Tratando-se de um acto administrativo eficaz e anulável, e o terceiro-vizinho tem de acordo com os artigos 53 e 153 do CPA, um interesse directo, pessoal e legitimo na anulação do mesmo acto (uma vez que retira imediatamente do facto da anulação um beneficio especifico para a sua esfera jurídica, tendo no caso de invocar a titularidade de uma posição jurídica subjectiva lesada), tal recurso devera obter provimento, através de uma sentença constitutiva, gerando a obrigação para a administração de, em execução da sentença, reconstituir a situação de facto de acordo com o julgado. Por força dos “efeitos ultra constitutivos da sentença de anulação do acto administrativo”, a administração tem o dever de colocar a situação de facto de acordo com a situação de direito constituída pela decisão judicial de anuição: o particular tem direito à reconstituição da situação que existiria se não tivesse sido praticado o acto ilegal ou se o acto tivesse sido praticado sem a ilegalidade – reconstituição da situação hipotética actual.
Se em todo o caso, a administração não cumprir esse dever, mesmo após requerimento do interessado, este pode requerer ao tribunal administrativo a declaração de inexistência de causa legitima de inexecução, devendo o tribunal, no caso emitir tal declaração, especificar os actos e operações de execução e o prazo em que deverão ter lugar, anular os actos que eventualmente hajam sido praticados ao abrigo de causa legitima de inexecução não reconhecida, e ainda, declarar nulos os actos praticados em desconformidade com a sentença – art. 9/2 do DL 256-A/77.
O particular poderá ainda nos termos do CPTA, intentar uma acção administrativa especial de anulação ou declaração de nulidade dos actos administrativos – artigo 2/2/ d), 50º e SS. do mesmo diploma. Assim, terá legitimidade para dispor deste meio processual quem alegue ser titular de interesse directo e pessoal. Nos termos da execução da sentença, e lei prevê que se a administração não executar a mesma no prazo legalmente exigido, e sem qualquer fundamentação, pode o particular, nos termos dos artigos 175º e 163º, pedir a execução da sentença perante o tribunal administrativo, devendo especificar os actos e operações em que se traduz a execução, sendo-lhe ainda reconhecida a faculdade de solicitar a fixação de um novo prazo para o cumprimento do dever de executar, e a imposição de uma sanção pecuniária compulsória – artigo 169º. Refira-se ainda que este pedido por ser formulado no momento da proposição da acção de anulação do acto administrativo, como decorre da possibilidade de cumulação desta com o pedido de condenação à prática de actos e operações para restabelecimento de situações jurídicas subjectivas, funcionado esta de forma complementar daquela – art. 4/2 alínea a) e 47/2/ alínea b).

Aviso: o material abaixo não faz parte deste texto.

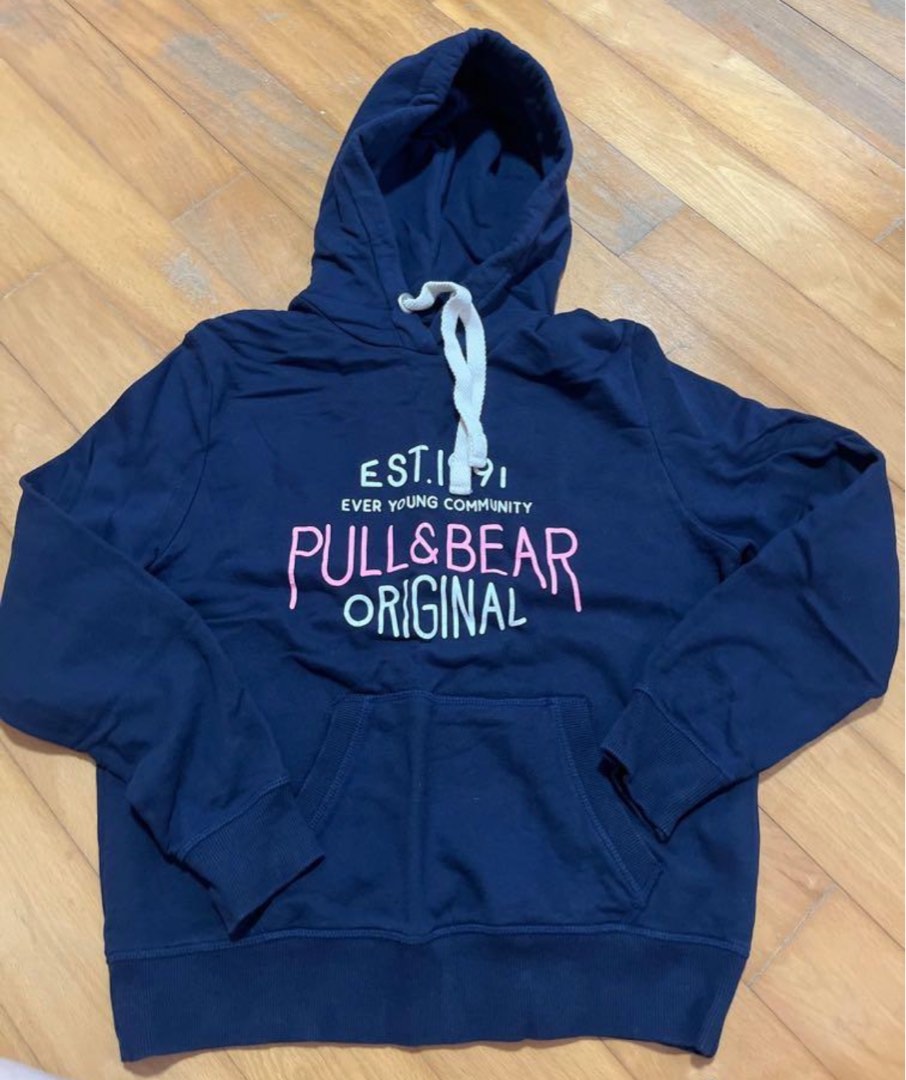 Navy Blue Pull Bear Hoodie Women s Fashion Coats Jackets and Outerwear on Carousell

O particular-vizinho tem ainda a possibilidade de suspender a eficácia do acto administrativo autorizativo. No caso concreto, importará fazer e ponderação entre, por um lado a lesão do direito ao ambiente titulado pelo vizinho e do interesse público ambiental, e por outro, a lesão do interesse público económico ou de interesses de outra natureza, de modo a determinar se da suspensão resulta ou não grave lesão para o interesse público que inviabilize este pedido, atendendo a que os danos ambientais são, pela sua natureza irreparáveis e irreversíveis. Defendendo a opinião do Prof. Freitas do Amaral, quando se verifique uma lesão do interesse público, e estando em causa um direito fundamental a suspensão deve ser decretada, pelo menos se se tratar de um direito, liberdade e garantia, cujo núcleo essencial desse direito seja violado, sendo o acto administrativo nulo, nos termos do artigo 133º do CPA.

Finalmente o particular dispõe da possibilidade de propor uma acção de responsabilidade extracontratual por actos de gestão pública contra a Administração, nos termos do art. 7 da lei 67/2007, por factos ilícitos.

A acção de responsabilidade civil assume no CPTA uma designação distinta, no entanto com objecto semelhante, trata-se efectivamente de uma acção administrativa comum de condenação da administração à reintegração natural dos danos ou ao pagamento de indemnização pecuniária – art. 2/2, alínea f) e 37/1 e 2 alínea f) e g).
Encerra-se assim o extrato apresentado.